::: Information given :::
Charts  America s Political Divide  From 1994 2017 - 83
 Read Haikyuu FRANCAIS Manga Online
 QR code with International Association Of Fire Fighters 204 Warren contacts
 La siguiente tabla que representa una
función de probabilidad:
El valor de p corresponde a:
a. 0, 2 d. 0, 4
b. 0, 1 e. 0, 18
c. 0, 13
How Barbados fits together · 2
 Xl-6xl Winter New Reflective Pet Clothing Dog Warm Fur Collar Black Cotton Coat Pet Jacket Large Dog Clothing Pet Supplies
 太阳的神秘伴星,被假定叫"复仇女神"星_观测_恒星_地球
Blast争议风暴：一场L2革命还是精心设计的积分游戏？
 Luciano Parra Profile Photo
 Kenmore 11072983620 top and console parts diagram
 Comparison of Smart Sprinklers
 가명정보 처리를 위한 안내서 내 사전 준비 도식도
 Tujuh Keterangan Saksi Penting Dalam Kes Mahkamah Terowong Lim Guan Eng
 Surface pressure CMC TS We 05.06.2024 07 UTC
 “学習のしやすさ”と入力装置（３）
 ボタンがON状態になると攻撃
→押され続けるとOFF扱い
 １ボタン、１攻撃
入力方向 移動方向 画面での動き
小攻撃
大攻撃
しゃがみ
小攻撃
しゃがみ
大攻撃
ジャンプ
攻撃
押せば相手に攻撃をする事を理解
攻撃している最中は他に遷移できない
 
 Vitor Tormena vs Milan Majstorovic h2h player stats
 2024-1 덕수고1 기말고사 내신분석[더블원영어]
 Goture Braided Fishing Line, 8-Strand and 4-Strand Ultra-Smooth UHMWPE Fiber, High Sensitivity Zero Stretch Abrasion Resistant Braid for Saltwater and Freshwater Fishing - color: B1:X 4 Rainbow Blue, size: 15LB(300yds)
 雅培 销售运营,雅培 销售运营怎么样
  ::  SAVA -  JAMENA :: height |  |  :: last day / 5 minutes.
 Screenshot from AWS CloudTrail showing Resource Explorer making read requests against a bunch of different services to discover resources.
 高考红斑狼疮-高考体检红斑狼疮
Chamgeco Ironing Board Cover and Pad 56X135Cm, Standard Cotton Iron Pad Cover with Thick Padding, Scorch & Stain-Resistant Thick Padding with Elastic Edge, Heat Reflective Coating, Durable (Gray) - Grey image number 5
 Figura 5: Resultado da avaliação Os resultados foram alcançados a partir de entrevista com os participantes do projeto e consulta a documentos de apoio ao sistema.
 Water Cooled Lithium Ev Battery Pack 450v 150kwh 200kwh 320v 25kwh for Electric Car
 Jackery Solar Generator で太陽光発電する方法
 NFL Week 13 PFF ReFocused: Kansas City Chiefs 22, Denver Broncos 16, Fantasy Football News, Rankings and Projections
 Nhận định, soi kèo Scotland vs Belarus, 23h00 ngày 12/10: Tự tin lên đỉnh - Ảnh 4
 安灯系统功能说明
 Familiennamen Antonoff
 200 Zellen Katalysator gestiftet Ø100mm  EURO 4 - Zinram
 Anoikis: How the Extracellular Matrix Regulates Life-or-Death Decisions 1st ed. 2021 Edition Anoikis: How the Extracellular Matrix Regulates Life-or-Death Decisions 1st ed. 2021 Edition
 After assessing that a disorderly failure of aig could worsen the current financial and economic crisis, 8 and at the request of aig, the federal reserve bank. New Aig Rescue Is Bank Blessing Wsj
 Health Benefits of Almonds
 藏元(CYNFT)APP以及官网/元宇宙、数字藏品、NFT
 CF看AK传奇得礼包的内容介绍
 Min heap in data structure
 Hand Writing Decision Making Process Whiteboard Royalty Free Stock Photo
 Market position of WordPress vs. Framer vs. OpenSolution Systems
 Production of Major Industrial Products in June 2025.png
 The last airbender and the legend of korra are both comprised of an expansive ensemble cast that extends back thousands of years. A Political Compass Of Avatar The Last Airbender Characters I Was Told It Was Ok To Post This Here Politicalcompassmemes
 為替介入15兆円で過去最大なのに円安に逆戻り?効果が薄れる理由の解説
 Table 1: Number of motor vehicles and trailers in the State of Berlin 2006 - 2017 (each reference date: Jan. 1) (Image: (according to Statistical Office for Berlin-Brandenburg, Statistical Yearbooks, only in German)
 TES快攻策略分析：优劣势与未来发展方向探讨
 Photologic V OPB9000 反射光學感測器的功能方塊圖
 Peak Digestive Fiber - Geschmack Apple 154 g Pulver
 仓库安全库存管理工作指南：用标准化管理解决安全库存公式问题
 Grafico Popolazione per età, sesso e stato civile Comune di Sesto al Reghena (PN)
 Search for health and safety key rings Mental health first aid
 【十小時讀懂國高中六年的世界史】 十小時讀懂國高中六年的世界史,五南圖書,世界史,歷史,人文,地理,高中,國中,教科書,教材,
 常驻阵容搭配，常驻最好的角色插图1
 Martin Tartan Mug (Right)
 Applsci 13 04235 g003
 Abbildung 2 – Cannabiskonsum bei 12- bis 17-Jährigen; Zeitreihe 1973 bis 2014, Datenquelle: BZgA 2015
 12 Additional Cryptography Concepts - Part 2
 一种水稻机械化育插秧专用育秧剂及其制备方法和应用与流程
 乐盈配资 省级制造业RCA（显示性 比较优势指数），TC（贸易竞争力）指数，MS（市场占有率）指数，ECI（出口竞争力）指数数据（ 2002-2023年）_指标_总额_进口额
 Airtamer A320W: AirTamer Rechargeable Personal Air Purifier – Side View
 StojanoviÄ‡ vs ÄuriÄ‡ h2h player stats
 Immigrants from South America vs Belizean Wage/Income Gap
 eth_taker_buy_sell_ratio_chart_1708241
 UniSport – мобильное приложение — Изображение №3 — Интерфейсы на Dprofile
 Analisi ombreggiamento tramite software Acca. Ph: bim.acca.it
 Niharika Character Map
:::
*Exercise requirements*
Scan the lines above for the word "player" and copy every one where it occurs.

*Task solution*
 Vitor Tormena vs Milan Majstorovic h2h player stats
 StojanoviÄ‡ vs ÄuriÄ‡ h2h player stats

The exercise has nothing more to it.